Veredas do Grande sertão
Por Mauro Libertella
Em 1908,
enquanto Henri Matisse dava a conhecer Harmonia em vermelho no Hermitage em São Petersburgo, nasciam
personagens tão diferentes como Simone de Beauvoir, Atahualpa Yupanqui e James
Stewart e se fabricava o primeiro carro Ford T. Nascia também João Guimarães Rosa.
A secreta lógica do mundo acertou que o nascimento se produzisse em Cordisburgo,
um povoado perdido nas Minas Gerais, no coração do vasto mapa brasileiro. Seu pai,
como quase todos ali no lugar, praticava muitas e estranhas profissões: comerciante
de aves, juiz de paz, cabeleireiro e contador de histórias. Essa multiplicidade,
tão própria do aqui e agora em que se formou Guimarães Rosa, marcaria uma das grandes
linhas narrativas que se destaca de sua obra.
Em sua
primeira infância, o menino fugia de casa e vagava buscando aqueles lugares
onde os trabalhadores e os vaqueiros contavam suas histórias enquanto comiam. Podemos
imaginá-lo escondido entre as cadeiras de palha de um casarão, ouvindo
assombrado as narrativas que quarenta anos depois iria polir e transformar em
sua grande obra-prima, o Grande sertão:
veredas. Recordaria, então, aqueles anos dessa maneira: “Não gosto de falar
da minha infância, é um tempo de coisas boas mas sempre com pessoas grandes
incomodando a gente, intervindo, comentando, estragando os prazeres. Recordando
o tempo de criança, vejo por lá um excesso de adultos. Papai era comerciante,
homem muito rigoroso. Quando eu era menino, me levava para caçar com ele, eu
avistava a caça e gritava: Papai! Ele vinha correndo e a caça fugia. Um dia
papai desconfiou que eu gritava de propósito, só para ele não matar os bichos,
e nunca mais me levou. Tempo bom de verdade só começou com a conquista de
alguns isolamentos, da segurança de poder me fechar no meu quarto, trancar a
porta, deitar no chão e imaginar histórias, poemas, romances, botando todo o
mundo conhecido como personagem”.
Algum tempo depois,
um médico amigo da família que havia sido
convidado para jantar, se surpreendeu com a maneira como João olhava as coisas.

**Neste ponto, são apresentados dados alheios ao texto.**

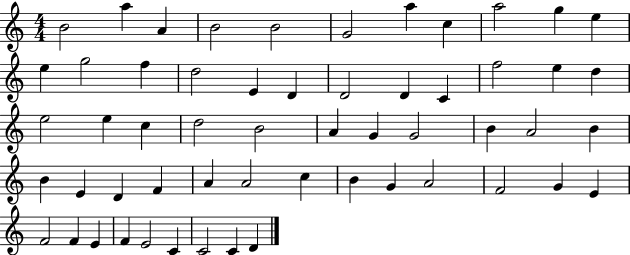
{
  \clef treble
  \numericTimeSignature
  \time 4/4
  \key c \major
  b'2 a''4 a'4 | b'2 b'2 | g'2 a''4 c''4 | a''2 g''4 e''4 | \break e''4 g''2 f''4 | d''2 e'4 d'4 | d'2 d'4 c'4 | f''2 e''4 d''4 | \break e''2 e''4 c''4 | d''2 b'2 | a'4 g'4 g'2 | b'4 a'2 b'4 | \break b'4 e'4 d'4 f'4 | a'4 a'2 c''4 | b'4 g'4 a'2 | f'2 g'4 e'4 | \break f'2 f'4 e'4 | f'4 e'2 c'4 | c'2 c'4 d'4 | \bar "|."
}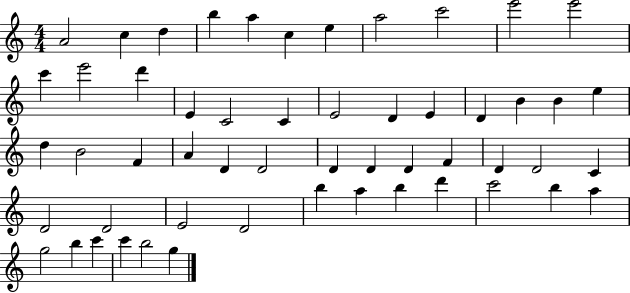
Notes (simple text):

A4/h C5/q D5/q B5/q A5/q C5/q E5/q A5/h C6/h E6/h E6/h C6/q E6/h D6/q E4/q C4/h C4/q E4/h D4/q E4/q D4/q B4/q B4/q E5/q D5/q B4/h F4/q A4/q D4/q D4/h D4/q D4/q D4/q F4/q D4/q D4/h C4/q D4/h D4/h E4/h D4/h B5/q A5/q B5/q D6/q C6/h B5/q A5/q G5/h B5/q C6/q C6/q B5/h G5/q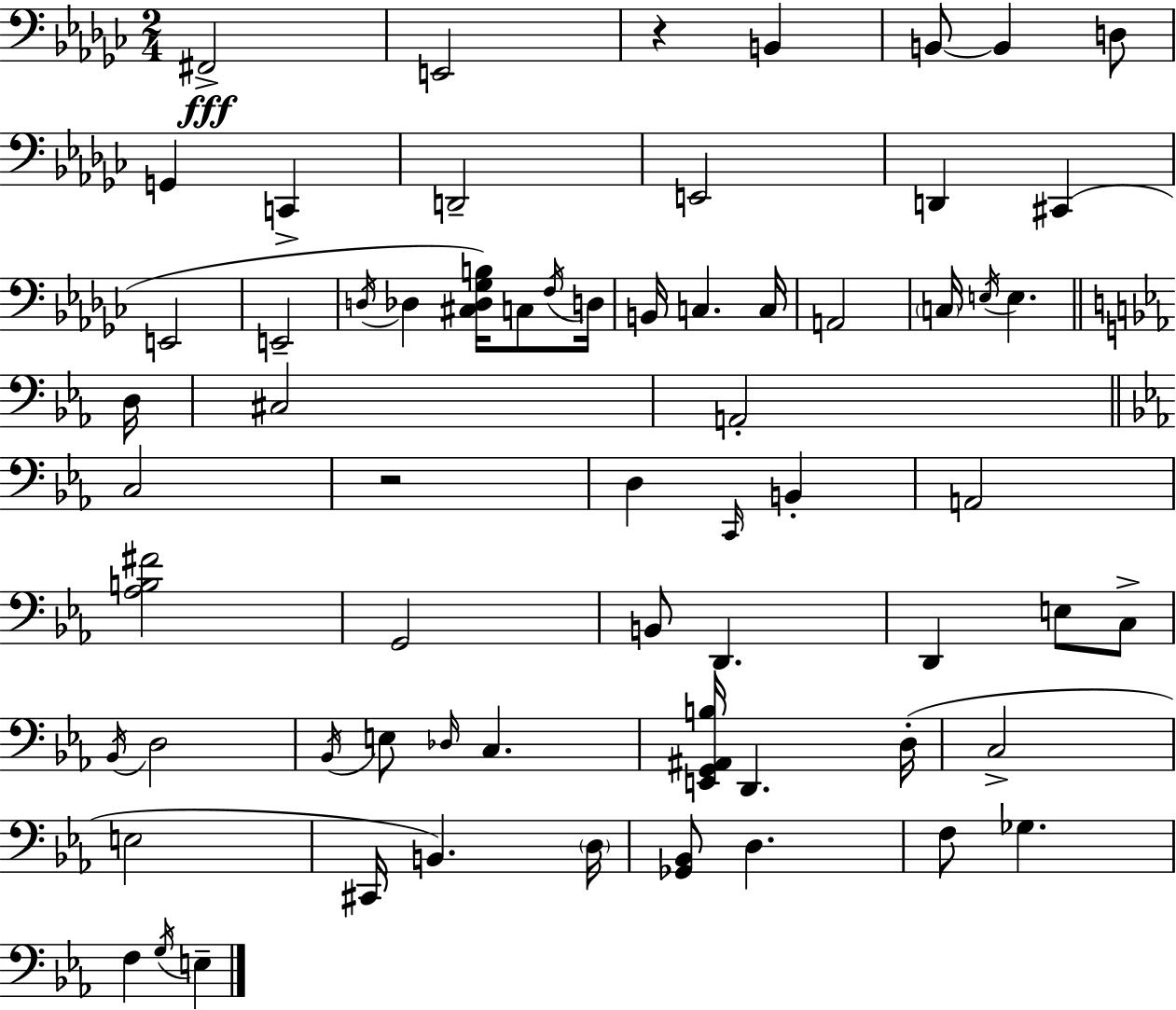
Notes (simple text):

F#2/h E2/h R/q B2/q B2/e B2/q D3/e G2/q C2/q D2/h E2/h D2/q C#2/q E2/h E2/h D3/s Db3/q [C#3,Db3,Gb3,B3]/s C3/e F3/s D3/s B2/s C3/q. C3/s A2/h C3/s E3/s E3/q. D3/s C#3/h A2/h C3/h R/h D3/q C2/s B2/q A2/h [Ab3,B3,F#4]/h G2/h B2/e D2/q. D2/q E3/e C3/e Bb2/s D3/h Bb2/s E3/e Db3/s C3/q. [E2,G2,A#2,B3]/s D2/q. D3/s C3/h E3/h C#2/s B2/q. D3/s [Gb2,Bb2]/e D3/q. F3/e Gb3/q. F3/q G3/s E3/q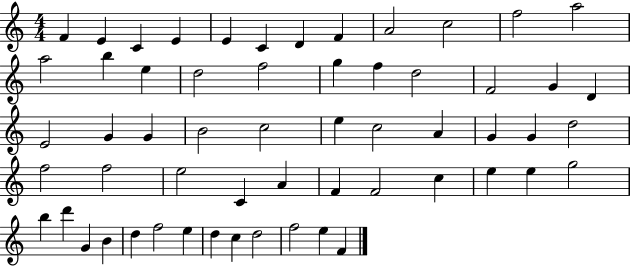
F4/q E4/q C4/q E4/q E4/q C4/q D4/q F4/q A4/h C5/h F5/h A5/h A5/h B5/q E5/q D5/h F5/h G5/q F5/q D5/h F4/h G4/q D4/q E4/h G4/q G4/q B4/h C5/h E5/q C5/h A4/q G4/q G4/q D5/h F5/h F5/h E5/h C4/q A4/q F4/q F4/h C5/q E5/q E5/q G5/h B5/q D6/q G4/q B4/q D5/q F5/h E5/q D5/q C5/q D5/h F5/h E5/q F4/q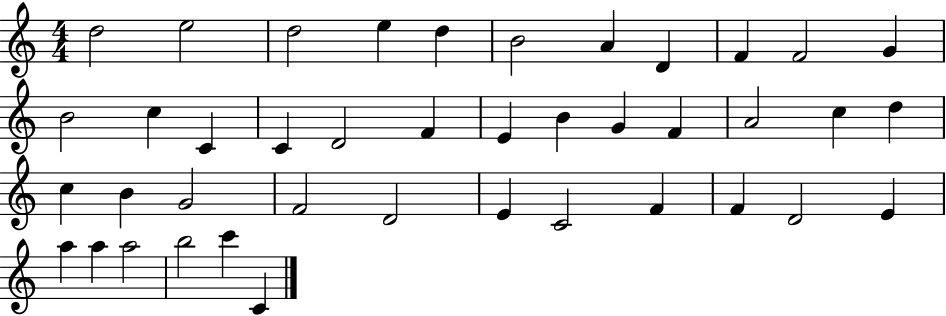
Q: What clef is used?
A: treble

Examinou-o, se descobriu que ela era míope e lhe deram uns óculos. Ali se abre
um novo capítulo na vida de Guimarães Rosa: agora podia ler e, calado e sozinho
como era, mergulhou nesse vício sem qualquer mediação, de um modo selvagem.
Menino prodígio, autodidata e de um intelecto voraz; seus biógrafos recordam-no, por unanimidade, que aos sete anos se lançou à empresa de aprender por conta própria, e ao mesmo
tempo, o francês, o holandês e o alemão. O fulgor plurilinguista nunca o deixou
e anos mais diria: “Eu falo: português, alemão, francês, inglês, espanhol, italiano, esperanto,
um pouco de russo; leio: sueco, holandês, latim e grego (mas
com o dicionário agarrado); entendo alguns dialetos alemães; estudei a gramática:
do húngaro, do árabe, do sânscrito, do lituano, do polonês,
do tupi, do hebraico, do japonês, do tcheco, do finlandês,
do dinamarquês; bisbilhotei um pouco a respeito de outras. Mas tudo mal. E
acho que estudar o espírito e o mecanismo de outras línguas ajuda muito à
compreensão mais profunda do idioma nacional. Principalmente, porém,
estudando-se por divertimento, gosto e distração.”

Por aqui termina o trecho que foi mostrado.